[Extracted material — start]

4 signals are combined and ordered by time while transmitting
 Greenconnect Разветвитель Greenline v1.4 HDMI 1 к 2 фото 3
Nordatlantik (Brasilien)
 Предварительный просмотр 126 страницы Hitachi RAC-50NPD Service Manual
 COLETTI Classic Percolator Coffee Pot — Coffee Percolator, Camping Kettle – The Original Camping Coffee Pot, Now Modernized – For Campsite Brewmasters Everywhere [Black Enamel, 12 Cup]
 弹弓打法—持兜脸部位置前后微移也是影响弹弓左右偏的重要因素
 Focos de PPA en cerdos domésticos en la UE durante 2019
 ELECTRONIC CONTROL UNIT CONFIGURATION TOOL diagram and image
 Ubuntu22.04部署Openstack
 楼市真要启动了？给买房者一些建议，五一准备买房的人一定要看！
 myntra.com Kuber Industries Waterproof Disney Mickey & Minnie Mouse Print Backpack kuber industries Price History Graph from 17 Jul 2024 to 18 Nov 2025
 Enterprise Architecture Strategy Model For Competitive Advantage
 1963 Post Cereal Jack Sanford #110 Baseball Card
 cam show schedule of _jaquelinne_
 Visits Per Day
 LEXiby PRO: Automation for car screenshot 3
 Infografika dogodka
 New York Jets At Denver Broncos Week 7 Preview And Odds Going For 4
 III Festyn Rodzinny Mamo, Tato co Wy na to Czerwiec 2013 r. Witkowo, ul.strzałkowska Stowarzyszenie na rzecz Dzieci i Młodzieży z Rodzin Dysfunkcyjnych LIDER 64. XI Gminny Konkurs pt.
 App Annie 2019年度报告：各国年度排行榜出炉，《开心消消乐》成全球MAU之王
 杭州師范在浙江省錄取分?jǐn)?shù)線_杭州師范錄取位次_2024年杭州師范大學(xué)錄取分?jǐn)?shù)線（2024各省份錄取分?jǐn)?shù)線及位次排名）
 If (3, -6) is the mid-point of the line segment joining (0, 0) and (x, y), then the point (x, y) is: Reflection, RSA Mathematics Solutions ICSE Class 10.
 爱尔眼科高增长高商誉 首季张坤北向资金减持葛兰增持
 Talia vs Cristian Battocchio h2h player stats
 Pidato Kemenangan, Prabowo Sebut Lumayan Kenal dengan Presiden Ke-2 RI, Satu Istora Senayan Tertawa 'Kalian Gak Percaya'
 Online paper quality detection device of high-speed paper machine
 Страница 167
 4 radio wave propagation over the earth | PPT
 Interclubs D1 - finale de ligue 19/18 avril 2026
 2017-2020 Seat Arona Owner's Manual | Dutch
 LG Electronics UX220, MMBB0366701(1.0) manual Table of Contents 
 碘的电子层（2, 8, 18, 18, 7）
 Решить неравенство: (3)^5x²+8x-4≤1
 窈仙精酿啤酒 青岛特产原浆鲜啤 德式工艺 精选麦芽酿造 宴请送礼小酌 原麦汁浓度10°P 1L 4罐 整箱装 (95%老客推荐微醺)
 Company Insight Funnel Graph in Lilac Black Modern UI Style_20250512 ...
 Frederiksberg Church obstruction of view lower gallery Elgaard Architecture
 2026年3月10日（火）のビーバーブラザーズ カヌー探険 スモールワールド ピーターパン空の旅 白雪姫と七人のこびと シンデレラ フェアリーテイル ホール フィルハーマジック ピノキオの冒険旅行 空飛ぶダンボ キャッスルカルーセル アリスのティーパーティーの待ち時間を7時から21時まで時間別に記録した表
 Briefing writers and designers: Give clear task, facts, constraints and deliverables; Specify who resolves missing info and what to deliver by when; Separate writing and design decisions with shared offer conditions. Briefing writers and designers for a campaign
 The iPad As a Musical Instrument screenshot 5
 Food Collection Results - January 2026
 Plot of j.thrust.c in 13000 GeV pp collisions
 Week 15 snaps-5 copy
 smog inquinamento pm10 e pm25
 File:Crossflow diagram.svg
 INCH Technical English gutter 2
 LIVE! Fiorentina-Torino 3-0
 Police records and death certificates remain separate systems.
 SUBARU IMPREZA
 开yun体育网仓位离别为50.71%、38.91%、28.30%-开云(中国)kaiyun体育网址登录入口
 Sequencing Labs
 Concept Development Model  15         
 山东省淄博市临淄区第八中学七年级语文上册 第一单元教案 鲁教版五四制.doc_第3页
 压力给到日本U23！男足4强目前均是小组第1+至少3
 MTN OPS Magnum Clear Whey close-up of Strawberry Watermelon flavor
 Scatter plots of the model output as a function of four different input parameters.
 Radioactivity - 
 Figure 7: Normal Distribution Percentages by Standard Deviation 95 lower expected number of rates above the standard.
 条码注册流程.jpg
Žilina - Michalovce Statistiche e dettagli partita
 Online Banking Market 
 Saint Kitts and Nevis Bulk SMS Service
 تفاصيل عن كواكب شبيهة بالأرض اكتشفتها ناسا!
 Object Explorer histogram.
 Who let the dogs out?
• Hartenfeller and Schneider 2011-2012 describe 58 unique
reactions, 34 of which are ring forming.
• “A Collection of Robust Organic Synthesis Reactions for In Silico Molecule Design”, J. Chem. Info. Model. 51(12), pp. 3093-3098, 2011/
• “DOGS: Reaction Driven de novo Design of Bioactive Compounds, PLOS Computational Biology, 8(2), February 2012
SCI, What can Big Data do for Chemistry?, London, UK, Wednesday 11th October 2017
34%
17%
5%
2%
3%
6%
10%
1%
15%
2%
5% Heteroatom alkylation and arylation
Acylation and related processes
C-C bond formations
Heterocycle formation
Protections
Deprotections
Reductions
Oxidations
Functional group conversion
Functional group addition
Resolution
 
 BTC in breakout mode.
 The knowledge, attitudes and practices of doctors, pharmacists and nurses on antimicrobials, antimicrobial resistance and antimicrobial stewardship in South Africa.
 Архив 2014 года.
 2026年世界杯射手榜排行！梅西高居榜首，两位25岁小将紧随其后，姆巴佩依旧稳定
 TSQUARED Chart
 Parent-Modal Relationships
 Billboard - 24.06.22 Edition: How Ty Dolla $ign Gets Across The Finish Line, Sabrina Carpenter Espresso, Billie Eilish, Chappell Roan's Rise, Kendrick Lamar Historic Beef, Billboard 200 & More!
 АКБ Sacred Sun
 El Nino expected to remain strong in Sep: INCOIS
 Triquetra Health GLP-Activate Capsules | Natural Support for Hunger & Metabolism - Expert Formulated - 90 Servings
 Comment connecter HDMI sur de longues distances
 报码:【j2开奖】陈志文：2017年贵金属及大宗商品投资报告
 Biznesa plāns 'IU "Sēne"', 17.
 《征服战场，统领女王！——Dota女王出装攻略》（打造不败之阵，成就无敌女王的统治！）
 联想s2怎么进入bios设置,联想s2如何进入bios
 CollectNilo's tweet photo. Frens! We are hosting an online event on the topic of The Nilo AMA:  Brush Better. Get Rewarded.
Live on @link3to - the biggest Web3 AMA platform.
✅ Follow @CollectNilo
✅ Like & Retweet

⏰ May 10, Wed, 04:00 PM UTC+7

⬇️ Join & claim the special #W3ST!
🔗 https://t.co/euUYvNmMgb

[Extracted material — finish]

Your task –
Only the lines holding "CollectNilo" are wanted, so copy each of them from the material.

Exercise response –
 CollectNilo's tweet photo. Frens! We are hosting an online event on the topic of The Nilo AMA:  Brush Better. Get Rewarded.
✅ Follow @CollectNilo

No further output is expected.